Iris: Have you ever done solo trips into the wild?
Heidi: I haven’t done any long solo trips into the wild, other than an occasional overnight here and there, but I spend a lot of time alone in the wilds that are right outside my front door. Living where I have lived these last nine years has offered the opportunity to lean deeply into getting to know the wildness that is my home base. Some of my favorite solo outings, other than the ones in my home area, have been in the Northern Rockies of Colorado, a field of big bluestem in South Dakota, and some time spent on a rocky outcropping on the island of Malta.

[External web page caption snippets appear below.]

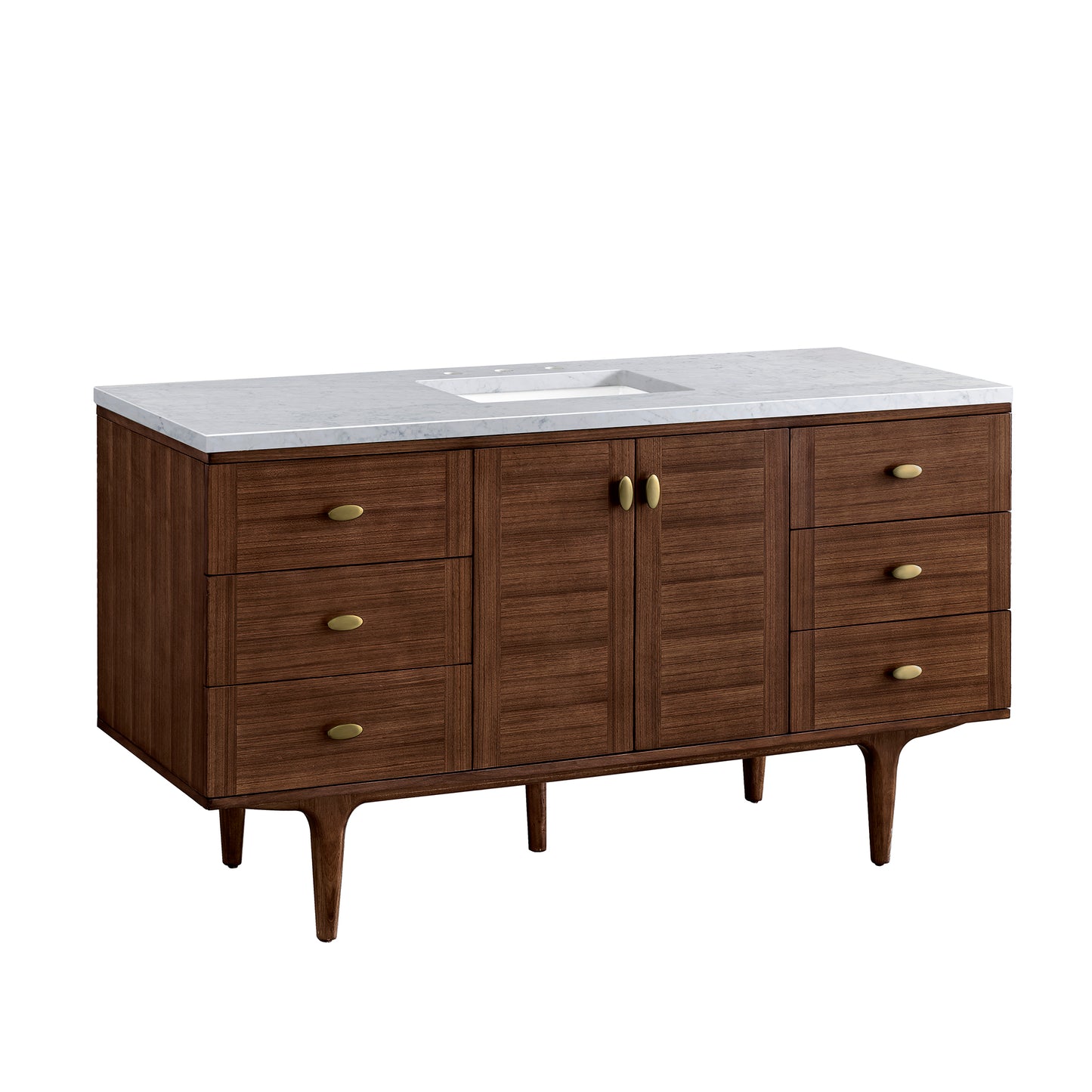 Amberly 60" Single Vanity, Mid-Century Walnut w/ 3 CM Carrara Marble Top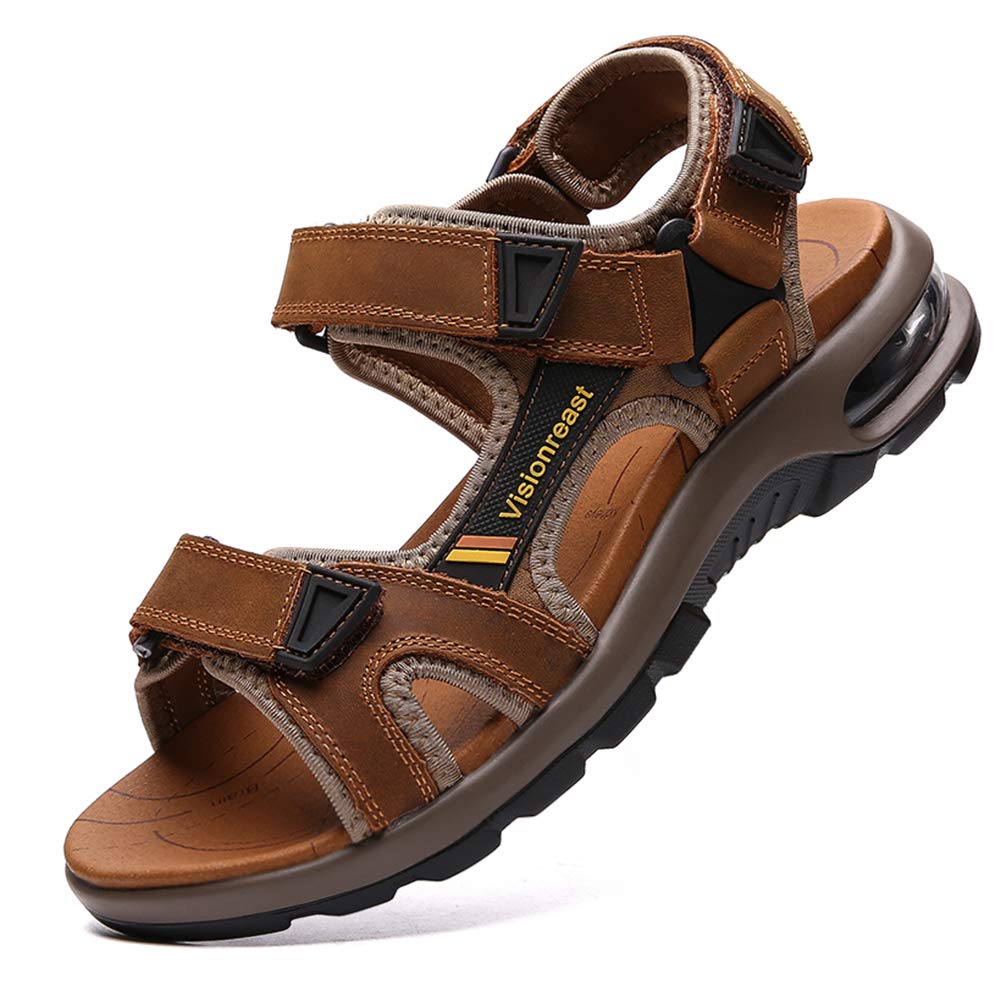 visionreast Mens Leather Sandals Open Toe Outdoor Hiking Sandals Air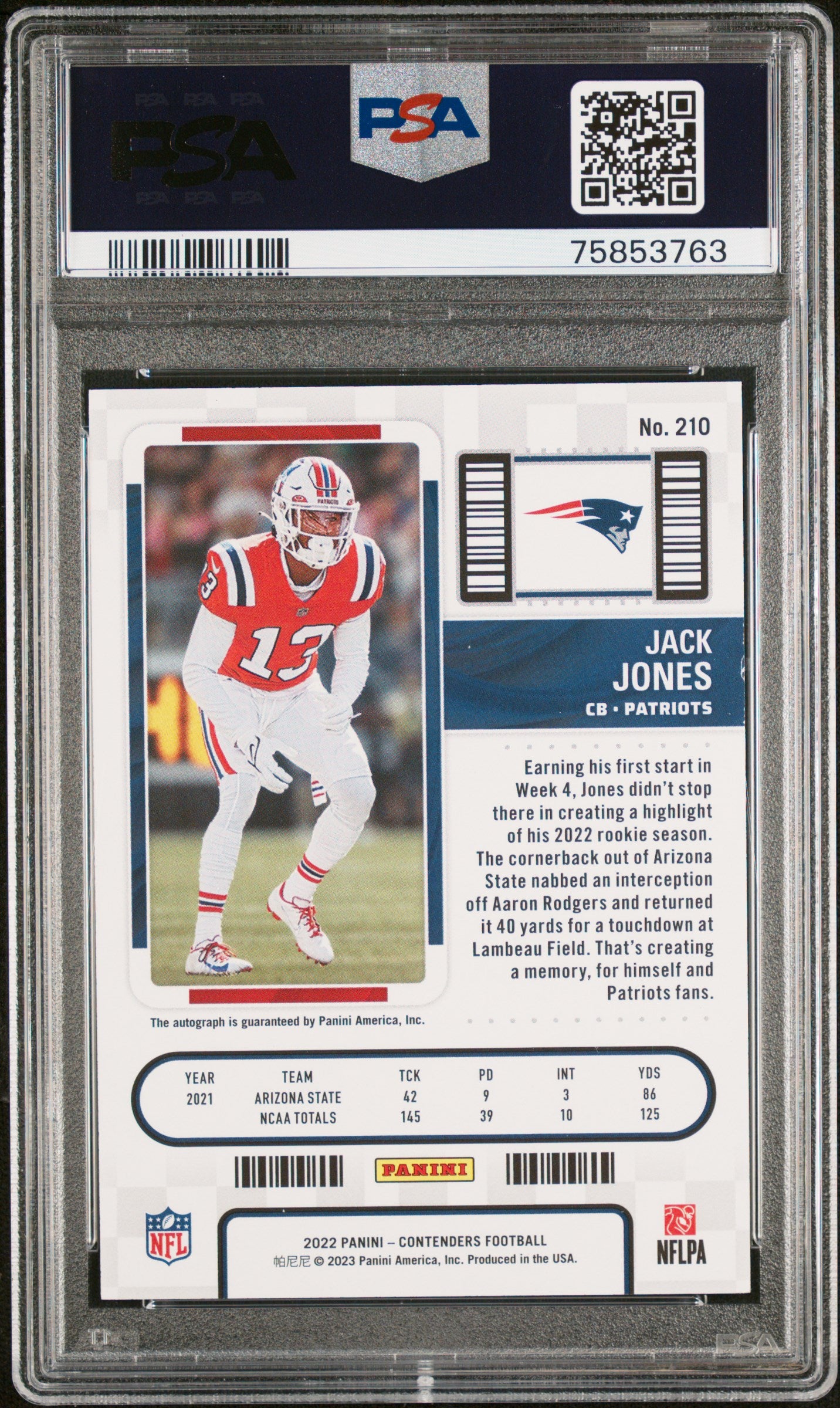 2022 Panini Contenders #210 Jack Jones RC AUTO PSA 9 Patriots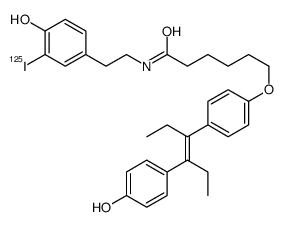 N-(4'-hydroxy-3'-iodophenethyl)-6-(4-O-diethylstilbestryl)hexanamide structure
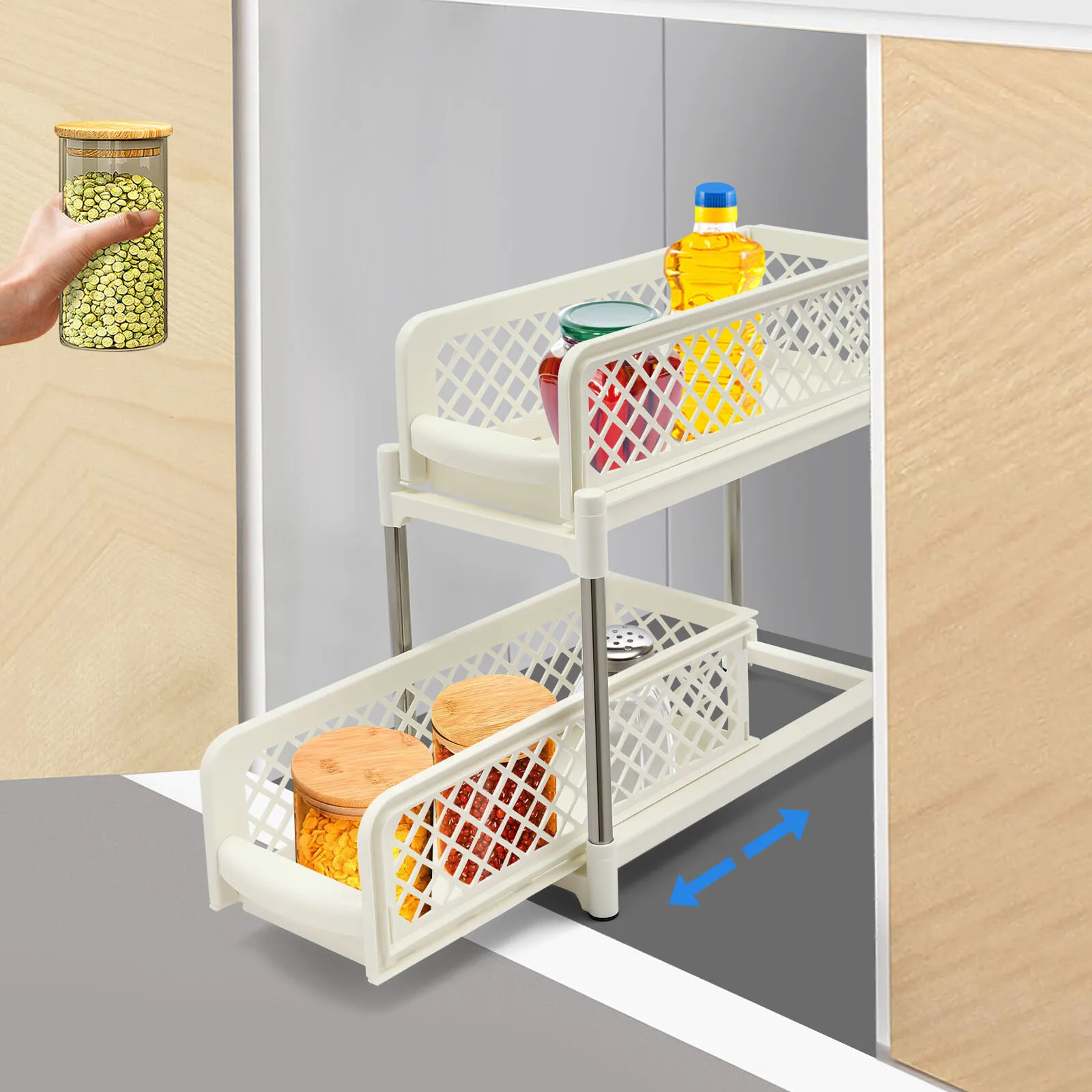 

2-Tiers Pull Out Cabinet Organizer Kitchen Stand Drawer White Under Sink Organizer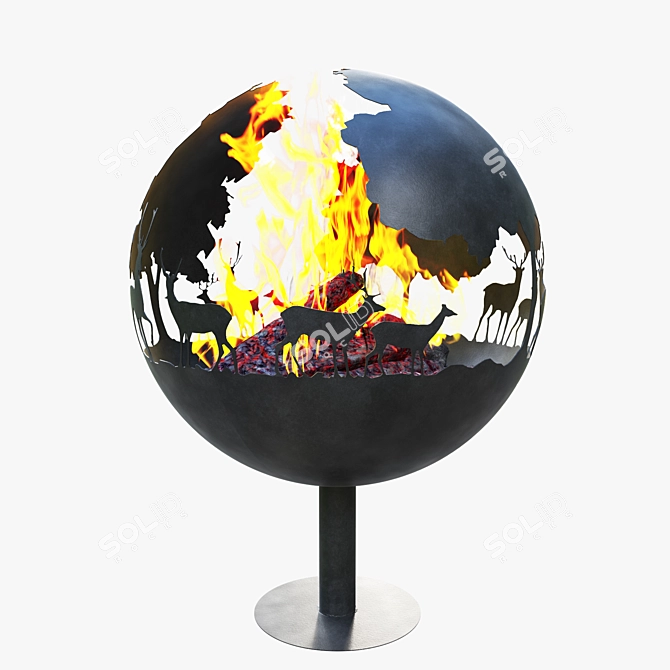 3D Fireplace Deer Model 3D model image 3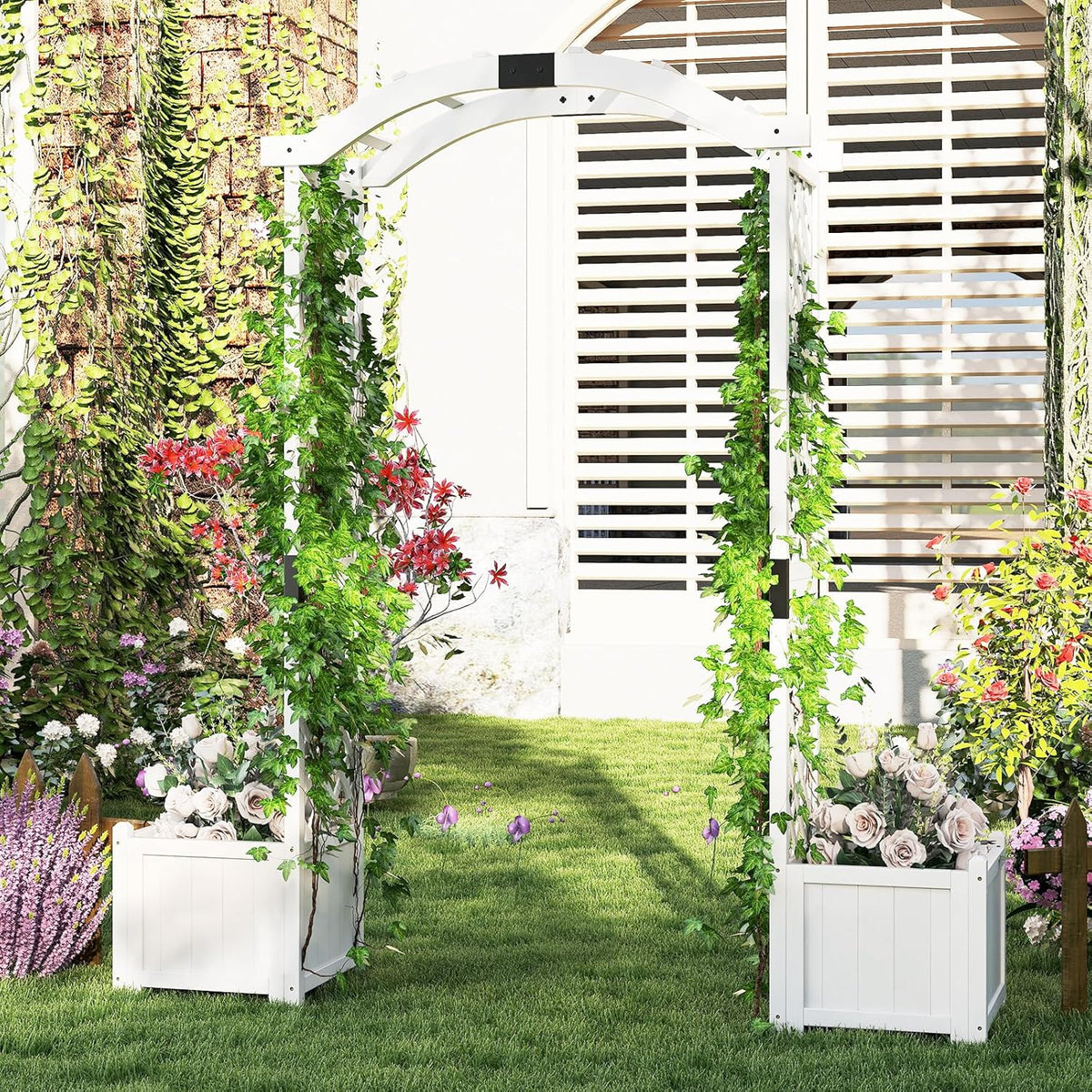 Happygrill Garden Arbor with Planter Boxes, Outdoor Wedding Arch with Trellis for Climbing Plants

There’s just something about certain landscapes that slams things back into perspective. The St. Croix River near my home has this power, too. Those types of landscapes – commanding mountain peaks, the pull of a deep and wide river, the sparkle of the sea, the openness of a windblown prairie – they remind me that my place on this earth is vast and tiny, somehow in the same breath.
Iris: Can you tell us a bit more about your latest book?
Heidi: Woodland Manitou is rooted in the rhythm of the natural world and illustrates how the cycles of the earth have informed my everyday life from community to vocation to the food that finds its way to my family’s dinner table. Through gardening, simple living, and prioritizing sustainability, I’ve done my best to paint a picture of how remaining close to the earth can provide a solid foundation even as the climate changes and the story of the world shifts. It’s part stories, part wonderings, and part call to act, and I hope it invites the readers to reflect on their own way of being on earth.
Iris: What are you reading right now?
Heidi: I just started Feel Free: Essays by Zadie Smith, and I recently finished A Year in the Wilderness: Bearing Witness in the Boundary Waters by Dave and Amy Freeman and Braving the Wilderness by Brene Brown. Oh, and The Sun and Her Flowers by Rupi Kaur. And The Light of the World by Elizabeth Alexander. I will stop before this list gets too long….I read… a lot of books.
Iris: Any last things you want to share with us today?
Heidi: A fellow Minnesota author and I (Ellie Roscher) just finished a manuscript for a book that I’m really excited about called 12 Tiny Things: Nourishing Our Roots. It’s about the fact that our culture tends to tell us that bigger is better; more is always desirable; it’s all or nothing. But when we look under the rug, when we go deep into the roots, and when we take the time to figure out what drives our actions, we find that it’s often the tiny things that seem insignificant that make all the difference — they have the power to provide a foundation of beauty from which we can carve our own version of the good life. Tiny things, like taking a deep breath or figuring out what we really want to drink in the morning, when practiced with intention, have the power to give life like nothing else can. The idea behind the book is that living a life that feels right and good is not about chasing happiness or climbing the ladder to what someone else has defined as success. It’s about noticing, feeling, claiming, and sometimes letting go of the things we think will bring us contentment and satisfaction. It’s a ways out from publication, but we started a Facebook Community group in January, and we are taking this next year to work through the twelve themes that define the chapters of the book. (All are welcome to join!)
I also have a book coming out in spring 2019 via Homebound Publications called What Comes Next: Between Beauty and Destruction – it’s about what I learned from losing what I thought was a really steady job. My hope is that telling my story openly will help others who have gone or are going through something similar. I just turned in the final draft to my publisher, so off we go!